In Dr. Ward's computer models, when Cumbre Vieja collapses -- and that may
not happen for hundreds of thousands of years -- about 100 cubic miles of
rock will slide into the ocean at speeds greater than 200 miles per hour,
and the splash will generate tsunamis 300 feet high crashing into the
northwestern coast of Africa. Waves 40 feet high will reach New York. Other
scientists have pointed out that such catastrophic landslides are very rare
-- Cumbre Vieja last collapsed 500,000 years ago -- and that there is no
geologic evidence of such mega-tsunami in the past. They suggest that the
landslides will not accelerate quickly enough to produce the waves Dr. Ward
envisions.
Even more catastrophically -- and even more rarely -- may be tsunamis caused
by asteroids' crashing into an ocean. In 1998, researchers at Los Alamos
National Laboratory reported that a three-mile-wide asteroid hitting the
middle of the Atlantic Ocean at 40,000 miles per hour would send tsunamis
that would crash tens of miles inland.
Such asteroid impacts, fortunately, occur only every 10 million years or so.

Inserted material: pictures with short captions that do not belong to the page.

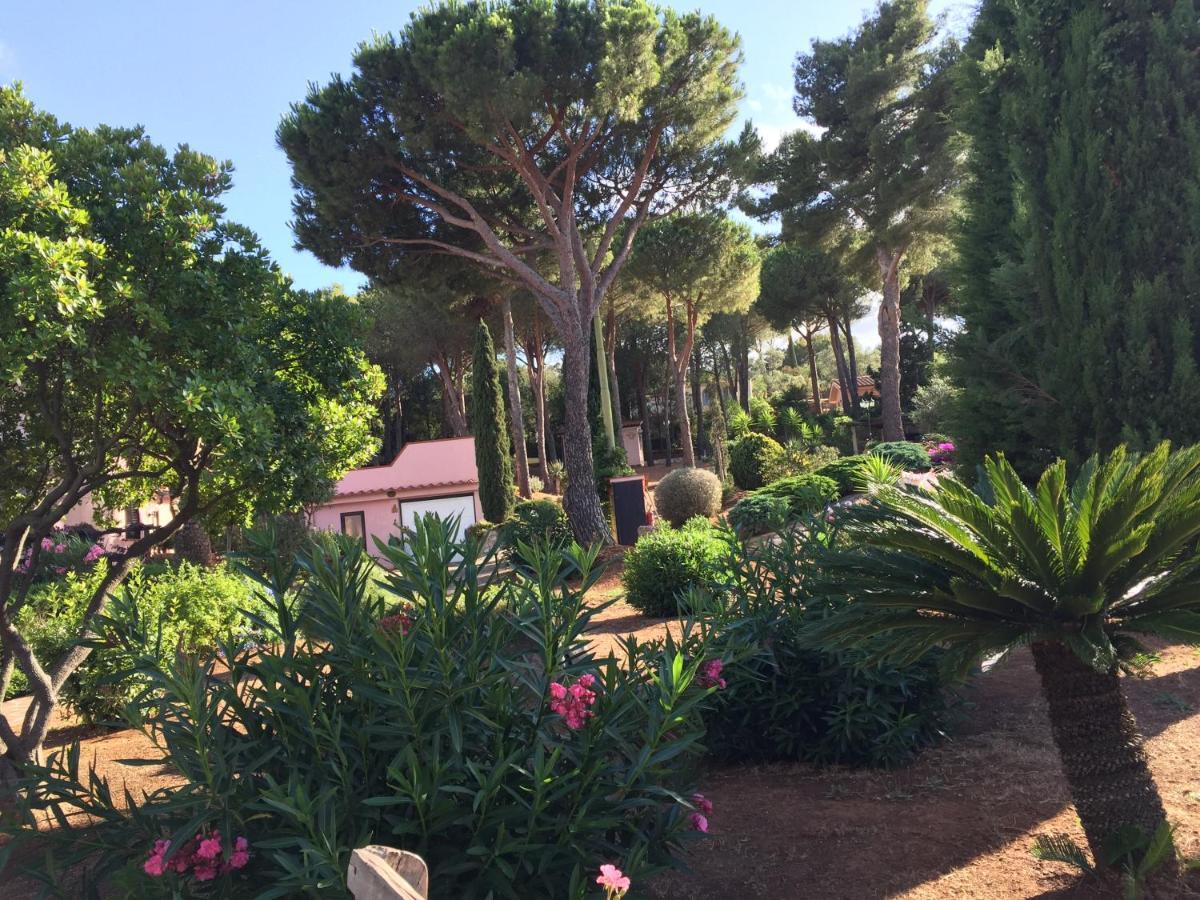 Studio-Appartment In Landhaus Mit Meerblick Porto Azzurro Dış mekan fotoğraf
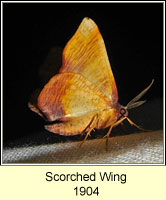 Scorched Wing, Plagodis dolabraria
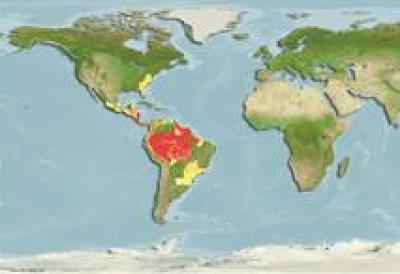 Penyebaran Wilayah Malabar Wolffish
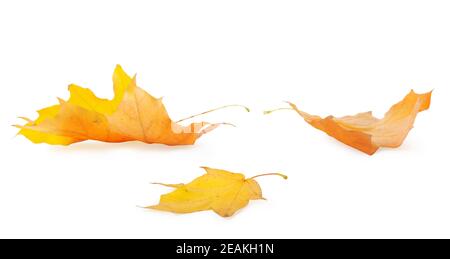 Three maple leaves Stock Photo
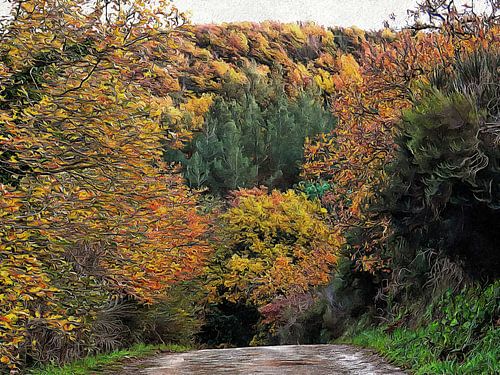 Kleur de berg op December Umbrië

The tsunami that hit Washington State in 1700 was not of such gigantic
proportions, but it was big. And evidence of it was recognized only two
decades ago.
Until a couple of decades ago, the Cascadia fault, where a piece of ocean
floor the size of Oregon and known as the Juan de Fuca plate disappears
beneath North America, was also considered a low seismic threat. Oregon and
Washington have far fewer earthquakes than California, and few in the
northern states have caused much damage.
In 1987, Dr. Brian F. Atwater, a geologist with the United States Geological
Survey, discovered near the mouth of the Columbia River and in several other
estuaries in Washington the scars of a large tsunami, including spruce tree
forests that had suddenly turned into salt water tidal flats when the land
elevation dropped several feet. "There must be tens of thousands of stumps
in the estuaries," he said.
Dr. Atwater also found layers of sand that had been washed in. Radiocarbon
dating and examination of the tree rings placed the trees' death in 1700.
Historical records from Japan pinned down an exact date and almost an exact
time for the earthquake -- 9 p.m. Jan. 26, 1700. The Japanese documents
described 10-foot waves that washed away about a dozen houses in a fishing
village on the east coast of Japan nine hours later.

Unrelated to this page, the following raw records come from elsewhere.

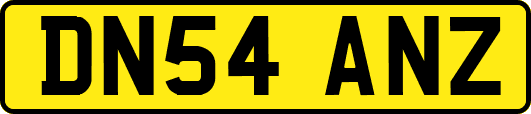 DN54ANZ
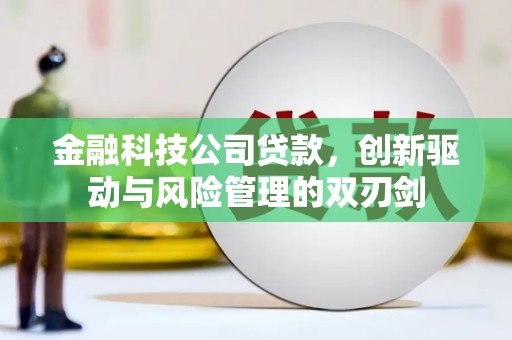 鲅鱼圈金融科技公司贷款，创新驱动与风险管理的双刃剑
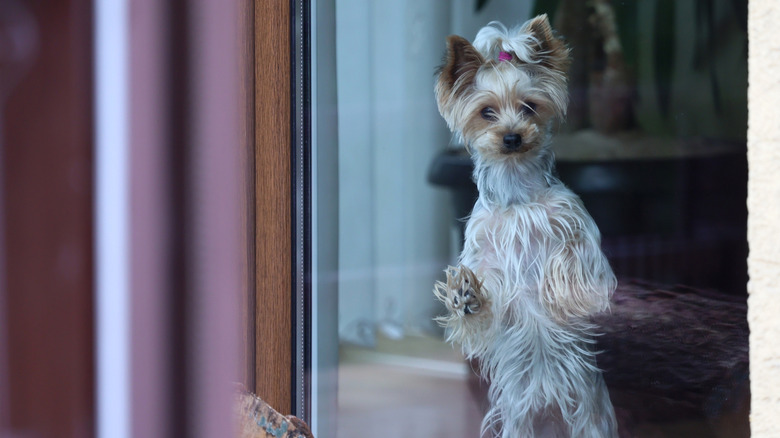 Yorkie standing up against a glass door, looking outside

Computer simulations by Dr. Kenji Satake of the Active Fault Research Center
in Japan indicate that for 10-foot waves to reach Japan, the Cascadia
earthquake that generated them was huge, between magnitude 8.7 and 9.2,
rupturing the entire 600-mile fault. The 1700 earthquake was not a singular
event in the Cascadia subduction zone. Dr. Atwater's sediments show evidence
of seven earthquakes there in the past 3,500 years ago. For now, the Juan de
Fuca and North American tectonic plates are locked tight against each other,
accounting for the seismic lull.
But as the Juan de Fuca plate pushes inexorably to the northeast, pressure
along the Cascadia is building, seismologists are certain that it will break
again, most likely unleashing another volley of tsunamis. The interval
between earthquakes has been roughly 300 to 1,000 years. It has been 305
years since the 1700 earthquake. Scientists will not be surprised if one
occurs tomorrow, or several centuries from now.
"Geologically soon," said Dr. Yeh of Oregon State, "is 1,000 years or 100
years."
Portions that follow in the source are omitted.